#### [Dataset section]
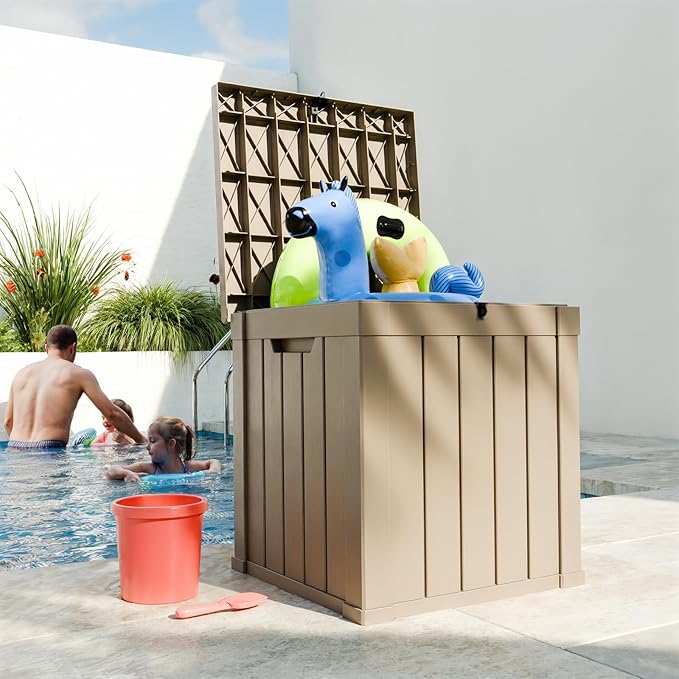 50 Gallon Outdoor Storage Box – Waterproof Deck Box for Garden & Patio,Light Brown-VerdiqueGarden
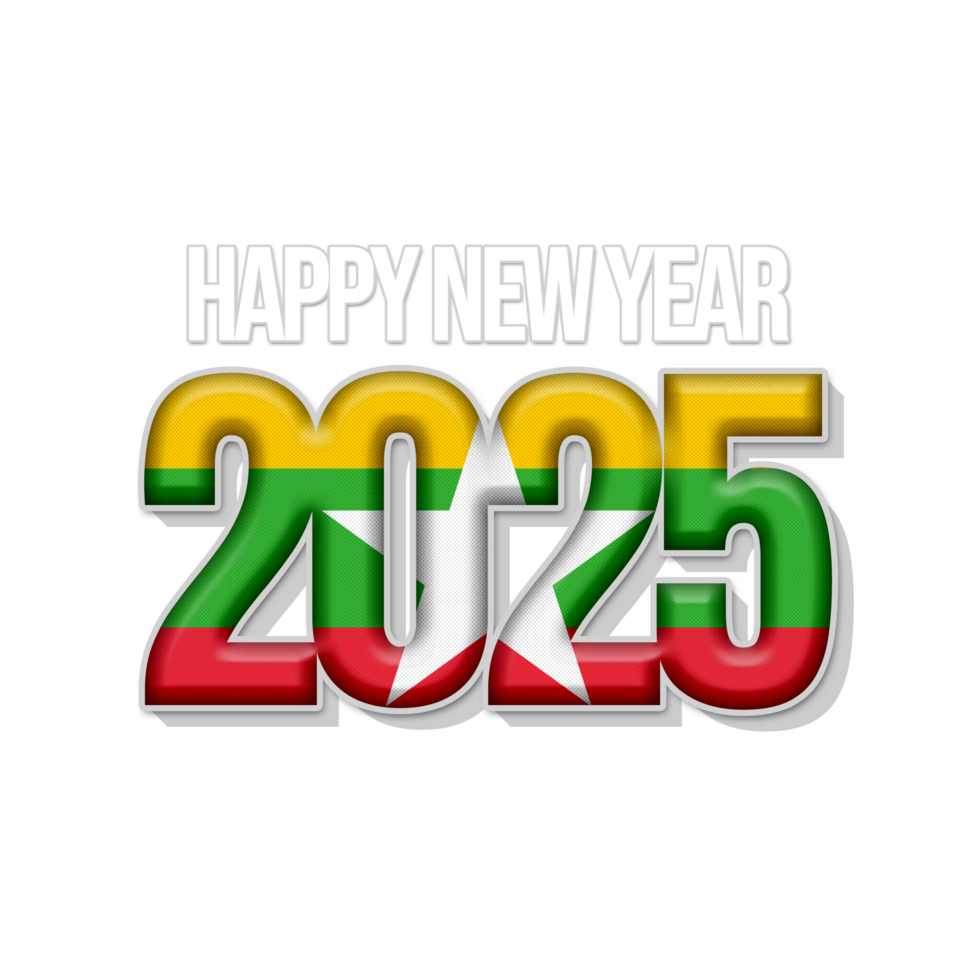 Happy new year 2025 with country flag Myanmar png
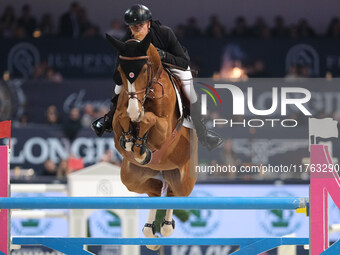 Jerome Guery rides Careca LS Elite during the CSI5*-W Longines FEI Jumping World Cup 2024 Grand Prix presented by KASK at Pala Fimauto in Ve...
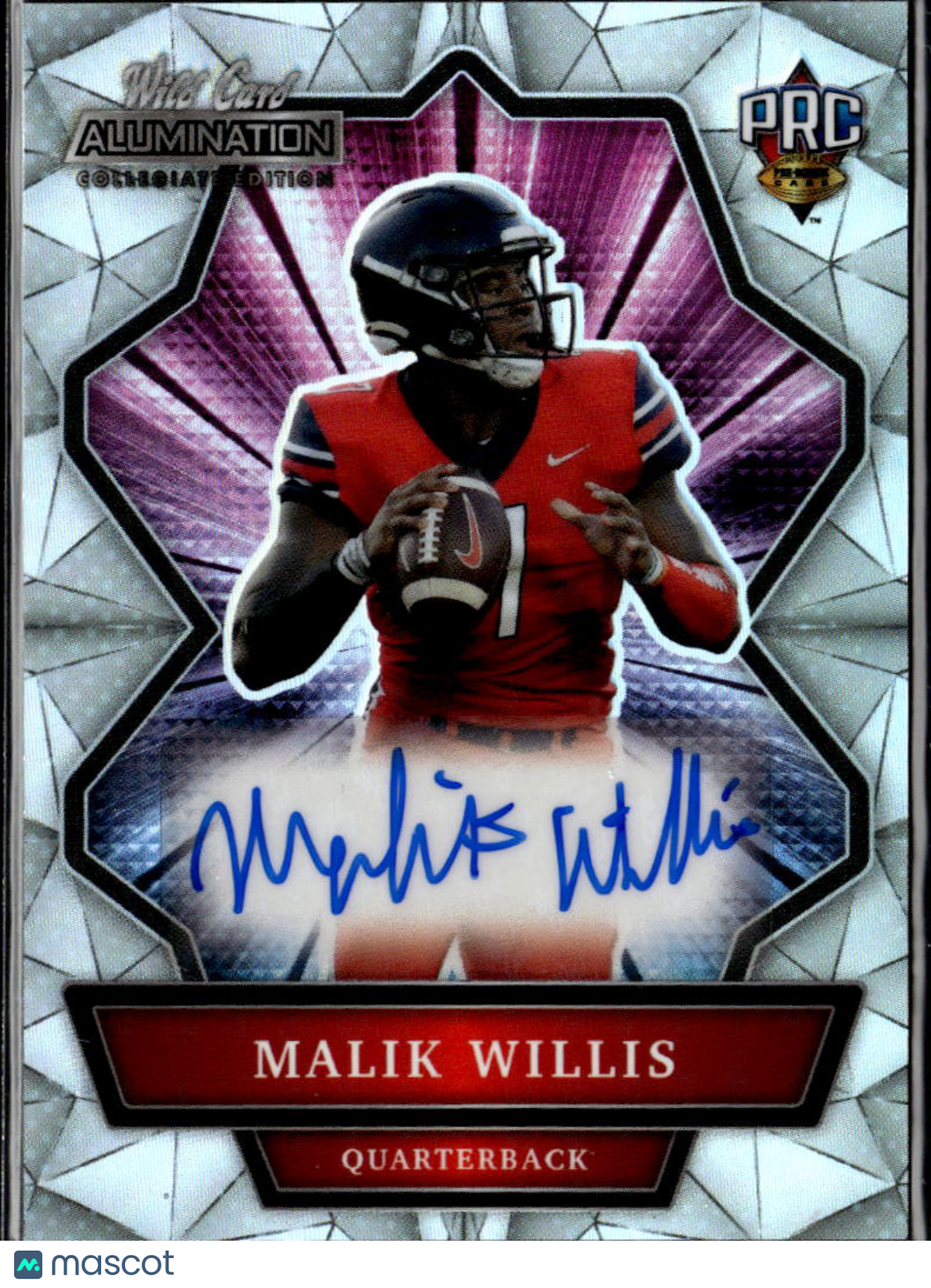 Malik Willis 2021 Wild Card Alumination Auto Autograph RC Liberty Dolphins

#### [Task to complete]
Here the lines from the one containing "Jerome Guery rides" through the end of the material are to be copied exactly, with the pictures omitted.

#### [Output for this task]
 Jerome Guery rides Careca LS Elite during the CSI5*-W Longines FEI Jumping World Cup 2024 Grand Prix presented by KASK at Pala Fimauto in Ve...
 Malik Willis 2021 Wild Card Alumination Auto Autograph RC Liberty Dolphins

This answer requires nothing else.